TASK INSTRUCTIONS
Write again exactly the lines in the listing below, starting at the line with "Snowy Winter Gingerbread" and ending at the line with "Terminal puntera doble 2x6mm", both included. Pictures are not copied.

DATA IN THIS EXERCISE
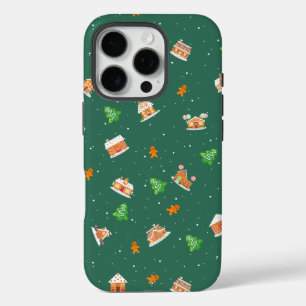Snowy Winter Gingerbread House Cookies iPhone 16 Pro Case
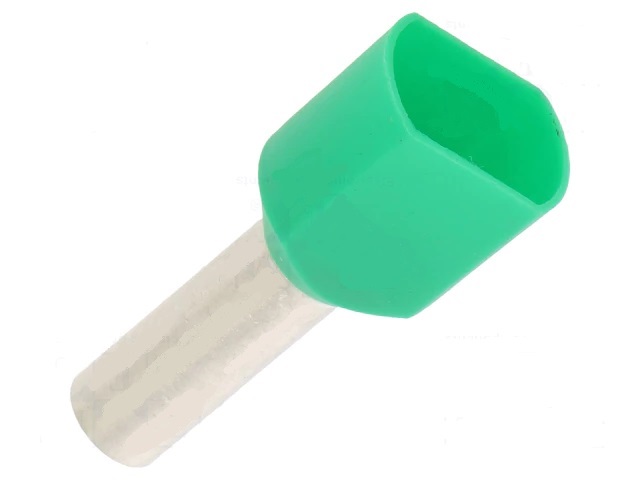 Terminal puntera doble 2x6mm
---
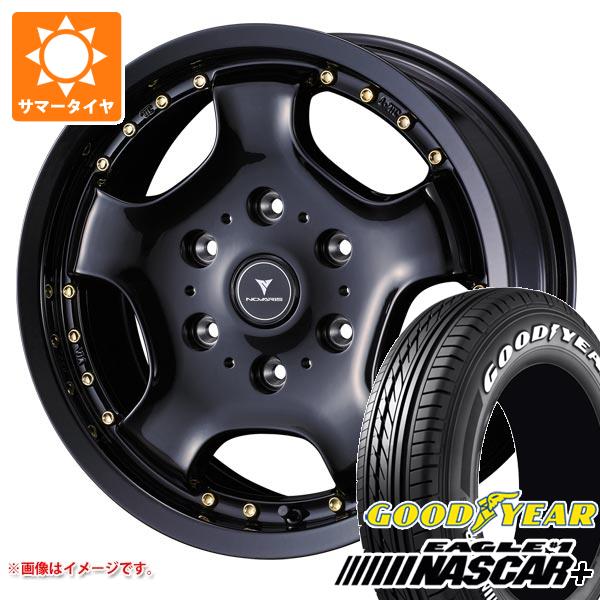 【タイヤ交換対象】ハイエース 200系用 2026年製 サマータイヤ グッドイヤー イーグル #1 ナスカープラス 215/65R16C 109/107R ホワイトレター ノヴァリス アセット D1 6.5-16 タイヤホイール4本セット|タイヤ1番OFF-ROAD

RESULT OF THIS TASK
Snowy Winter Gingerbread House Cookies iPhone 16 Pro Case
 Terminal puntera doble 2x6mm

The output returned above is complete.